Watching Charlie Hull's boy with Orley, Senator Stennis
Posted on: April 20,2016
This was September, 1979. Mississippi State’s football team was playing Maryland at College Park, Md. The late, great Orley Hood and I covered the game for the Jackson newspapers.
We spent all day Friday and Saturday morning touring our nation’s capital. Orley was — and I am — a history buff. We probably set a record for time spent by sports writers touring the Lincoln Memorial.
Saturday afternoon, we made our way over to Byrd Stadium at College Park and another history lesson we hadn’t really expected. In the press box, I found my seat right next to Sen. John C. Stennis, a former State yell leader, and the man who had replaced Theodore Bilbo in the U.S. Senate 32 years earlier. (For the record, and this is the history buff talking, we got a lot better right there.)
I timidly introduced myself to the Senator. He said, in that pronounced Kemper County drawl of his, “Ah read your stuff all the time. You must be Ace Cleveland’s boy.”
I was and am.
My dad much admired Sen. Stennis and had sung his praises to me for years and years. I was in awe of Stennis. I couldn’t believe I was sitting by him. I mean, I was 27. Stennis had become a U.S. Senator five years before I was born.

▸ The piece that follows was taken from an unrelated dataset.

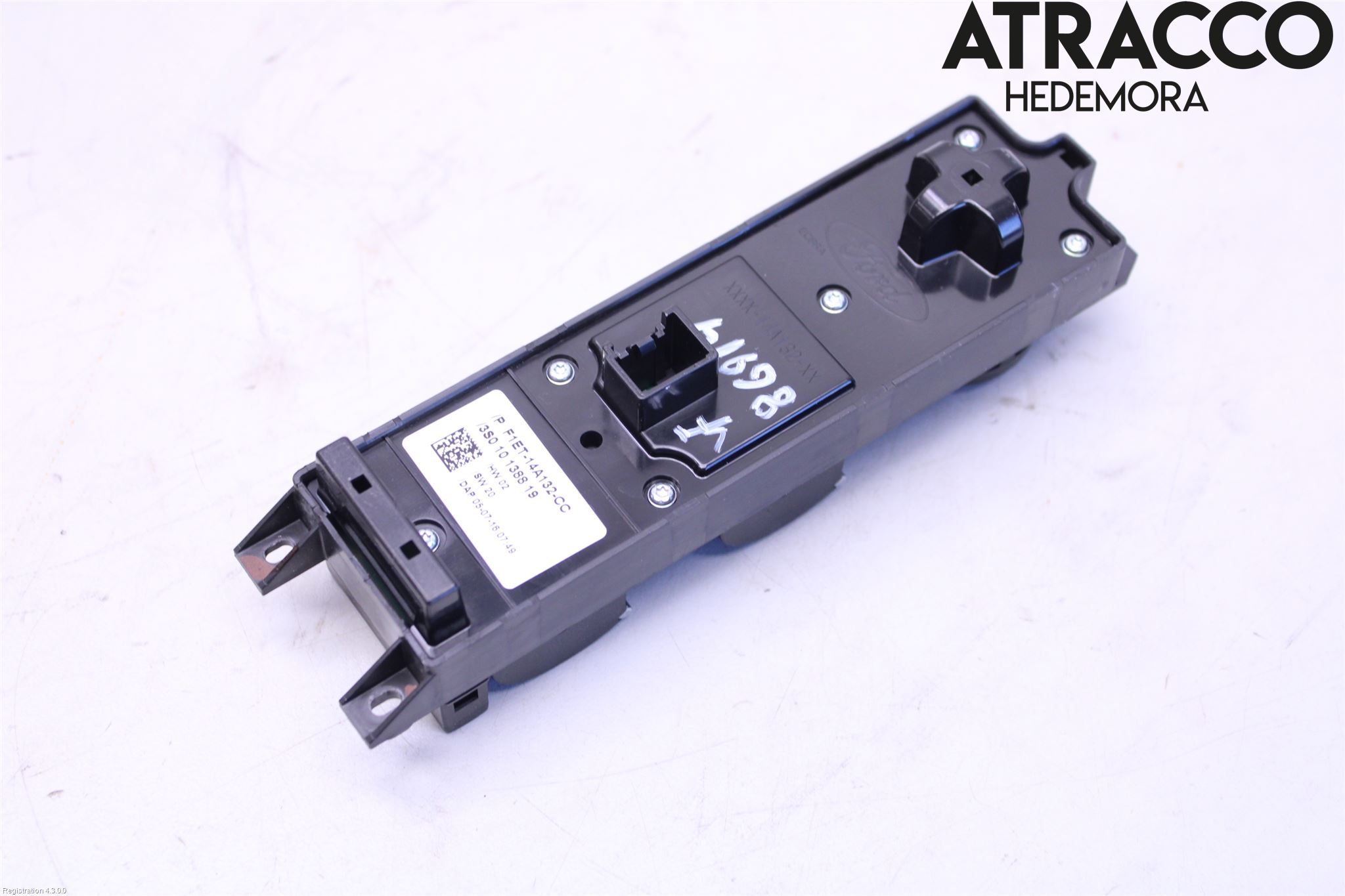 Ford FOCUS 15-18 Strömställare Elhiss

The 1979 Mississippi State football season was not one fondly remembered by Bulldog fans. It was my first year at The Clarion-Ledger, the late Emory Bellard’s first as head coach at State. Bellard was trying to run the Wishbone offense without a quarterback suited to run the option offense. The results were as predictable as they were dismal. State opened with a 14-13 loss to Memphis. Then came an open date, and then Maryland. The Bulldogs were decided underdogs.
The Senator, nevertheless, was optimistic. I told him I wasn’t. He told me he didn’t want to interrupt my work, but he wanted to ask me some questions. He scanned the State depth chart and came across the name of Kent Hull, the future NFL great.

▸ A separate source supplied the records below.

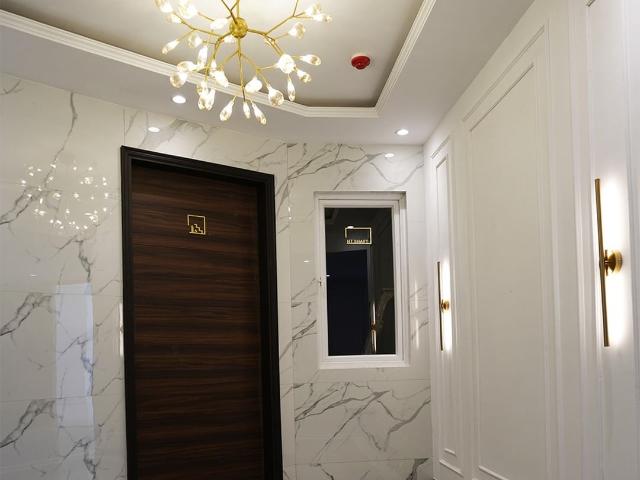 Resale | 2 BHK 806 Sq.Ft. Apartment in Tharwani Vedant Palacia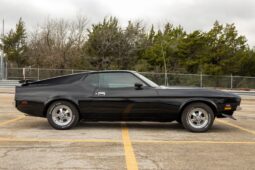 1971 Ford Mustang Mach 1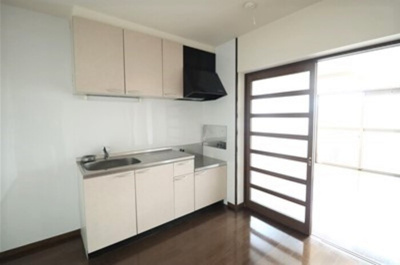 【キッチン】 | プラムマンション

“Kent Hull from Greenwood,” Stennis said in that syrupy drawl of his. “That must be ol’ Charlie Hull’s boy. Is he?”
I told him Kent was, indeed, Charlie Hull’s boy. I also told him that Kent, an under-sized freshman who wasn’t shaving yet, would make his first start at center that afternoon against Maryland’s All-American nose tackle who was five years older and 80 pounds heavier than Kent. I mentioned that it might not be a good matchup for the Bulldogs — or for Kent.

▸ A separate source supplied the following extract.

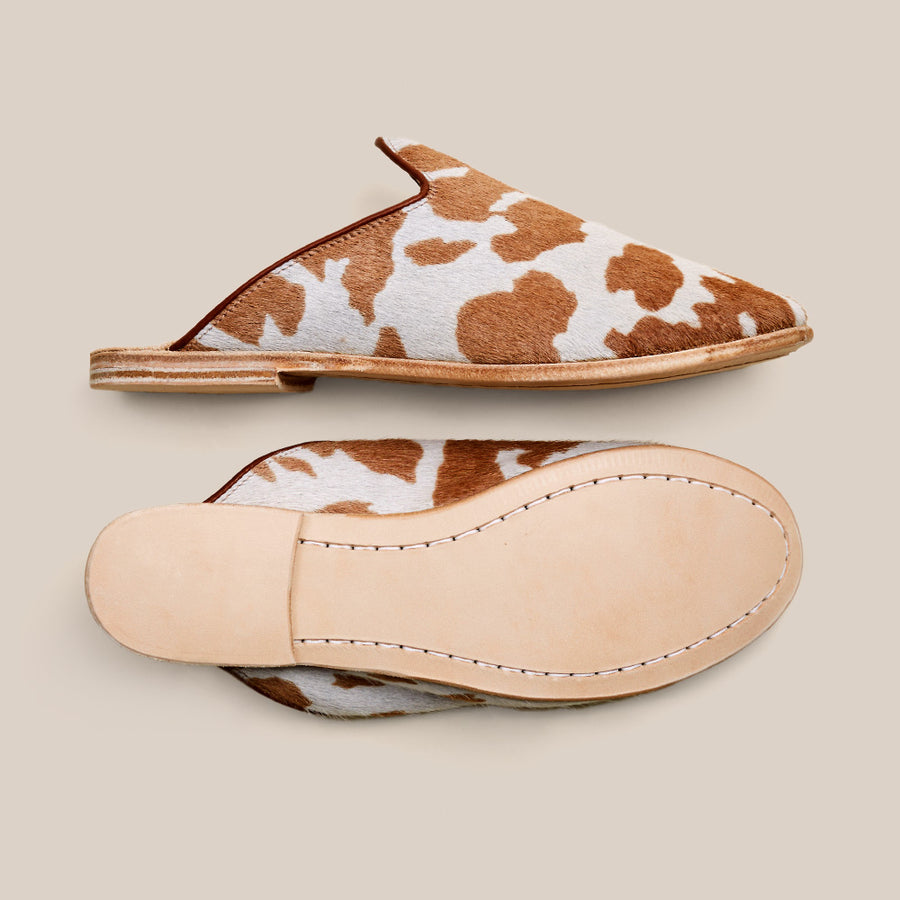 Brown Cow Baba (Womens)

The truth is, Bellard had wanted to redshirt Hull and give him another year to develop. Injuries forced his hand. Kent had been a basketball star (as was his dad) in high school. He had never really concentrated totally on football and was lean and under-sized for Division I football. It would have been hard to predict then that Hull would become one of the greatest centers in the NFL. Hull, whom Bellard would later call “as tough as a rolling bunch of butcher blades” just wasn’t big enough — yet.
So the game began and on the first play from scrimmage the Maryland All-American bowled Kent over with a vicious forearm to the chin. Both the Senator and I had our binoculars trained on Kent. I looked over at Stennis, just as he peered over his spectacles at me.
Said the Senator, “Ah don’t believe Ah’ll mention that play to ol’ Charlie.”
Final score: Maryland 35, State 14. The game was forgettable. My afternoon sitting between Orley Hood and John C. Stennis, watching Charlie Hull’s boy make his first college start, was not.